Task prompt
Repeat precisely the span of lines below that opens with the line containing "I Will Rise SATB choral sheet music cover" and closes with the line containing "QUADRO BELA ILUSTRAÇÃO", both included.

Source records
▼▼▼

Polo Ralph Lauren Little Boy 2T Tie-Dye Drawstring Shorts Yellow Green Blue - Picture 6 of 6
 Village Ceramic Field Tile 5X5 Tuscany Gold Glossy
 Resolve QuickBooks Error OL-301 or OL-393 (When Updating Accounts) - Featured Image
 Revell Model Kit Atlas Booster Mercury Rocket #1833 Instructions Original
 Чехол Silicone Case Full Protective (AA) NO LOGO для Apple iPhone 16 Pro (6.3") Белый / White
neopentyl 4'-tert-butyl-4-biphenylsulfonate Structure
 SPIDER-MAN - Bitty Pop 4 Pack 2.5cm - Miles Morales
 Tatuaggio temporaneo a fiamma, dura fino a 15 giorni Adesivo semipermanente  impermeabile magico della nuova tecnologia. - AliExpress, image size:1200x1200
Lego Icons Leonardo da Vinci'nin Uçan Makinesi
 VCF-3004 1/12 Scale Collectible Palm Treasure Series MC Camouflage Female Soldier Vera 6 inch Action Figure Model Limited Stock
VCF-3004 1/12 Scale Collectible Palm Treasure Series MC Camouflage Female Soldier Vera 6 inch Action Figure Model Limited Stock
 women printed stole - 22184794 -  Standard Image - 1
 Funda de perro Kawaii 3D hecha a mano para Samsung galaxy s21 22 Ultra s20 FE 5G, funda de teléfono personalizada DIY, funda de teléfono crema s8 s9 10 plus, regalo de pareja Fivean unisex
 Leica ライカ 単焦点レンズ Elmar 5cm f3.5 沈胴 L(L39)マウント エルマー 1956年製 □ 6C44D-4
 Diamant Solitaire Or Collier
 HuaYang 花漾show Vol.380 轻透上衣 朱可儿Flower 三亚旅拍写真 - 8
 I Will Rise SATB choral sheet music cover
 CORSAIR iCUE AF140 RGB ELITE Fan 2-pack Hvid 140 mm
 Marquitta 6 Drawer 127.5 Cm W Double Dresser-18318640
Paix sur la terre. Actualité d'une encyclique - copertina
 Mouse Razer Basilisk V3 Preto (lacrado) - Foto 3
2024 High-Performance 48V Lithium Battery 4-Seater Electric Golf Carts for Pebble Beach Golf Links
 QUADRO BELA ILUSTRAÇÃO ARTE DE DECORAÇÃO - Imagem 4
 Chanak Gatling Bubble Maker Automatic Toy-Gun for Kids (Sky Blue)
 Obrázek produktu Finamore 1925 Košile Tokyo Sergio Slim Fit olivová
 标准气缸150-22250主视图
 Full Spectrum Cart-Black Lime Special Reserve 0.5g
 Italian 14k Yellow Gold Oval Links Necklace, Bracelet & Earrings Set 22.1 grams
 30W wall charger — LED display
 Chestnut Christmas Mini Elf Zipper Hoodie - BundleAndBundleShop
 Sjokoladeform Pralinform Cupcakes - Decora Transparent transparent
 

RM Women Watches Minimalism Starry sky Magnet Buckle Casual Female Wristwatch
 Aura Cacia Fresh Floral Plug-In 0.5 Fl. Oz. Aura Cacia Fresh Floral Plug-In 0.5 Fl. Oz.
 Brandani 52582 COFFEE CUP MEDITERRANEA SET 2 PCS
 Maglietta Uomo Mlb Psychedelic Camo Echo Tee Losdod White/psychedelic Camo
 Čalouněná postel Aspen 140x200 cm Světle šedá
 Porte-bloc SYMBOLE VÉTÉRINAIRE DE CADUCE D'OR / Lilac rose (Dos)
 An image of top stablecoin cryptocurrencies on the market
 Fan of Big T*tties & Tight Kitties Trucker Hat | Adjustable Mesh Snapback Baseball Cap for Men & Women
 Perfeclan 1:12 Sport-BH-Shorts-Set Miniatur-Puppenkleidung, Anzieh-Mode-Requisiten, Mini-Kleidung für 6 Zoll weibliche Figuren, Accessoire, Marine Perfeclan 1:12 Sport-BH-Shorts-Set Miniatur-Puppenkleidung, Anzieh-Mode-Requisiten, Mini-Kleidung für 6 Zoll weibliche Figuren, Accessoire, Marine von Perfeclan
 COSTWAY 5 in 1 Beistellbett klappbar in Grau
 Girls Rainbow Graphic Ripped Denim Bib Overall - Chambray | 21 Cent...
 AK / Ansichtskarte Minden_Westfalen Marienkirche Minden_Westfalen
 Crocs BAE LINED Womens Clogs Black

▲▲▲

Output for this task
 I Will Rise SATB choral sheet music cover
 CORSAIR iCUE AF140 RGB ELITE Fan 2-pack Hvid 140 mm
 Marquitta 6 Drawer 127.5 Cm W Double Dresser-18318640
Paix sur la terre. Actualité d'une encyclique - copertina
 Mouse Razer Basilisk V3 Preto (lacrado) - Foto 3
2024 High-Performance 48V Lithium Battery 4-Seater Electric Golf Carts for Pebble Beach Golf Links
 QUADRO BELA ILUSTRAÇÃO ARTE DE DECORAÇÃO - Imagem 4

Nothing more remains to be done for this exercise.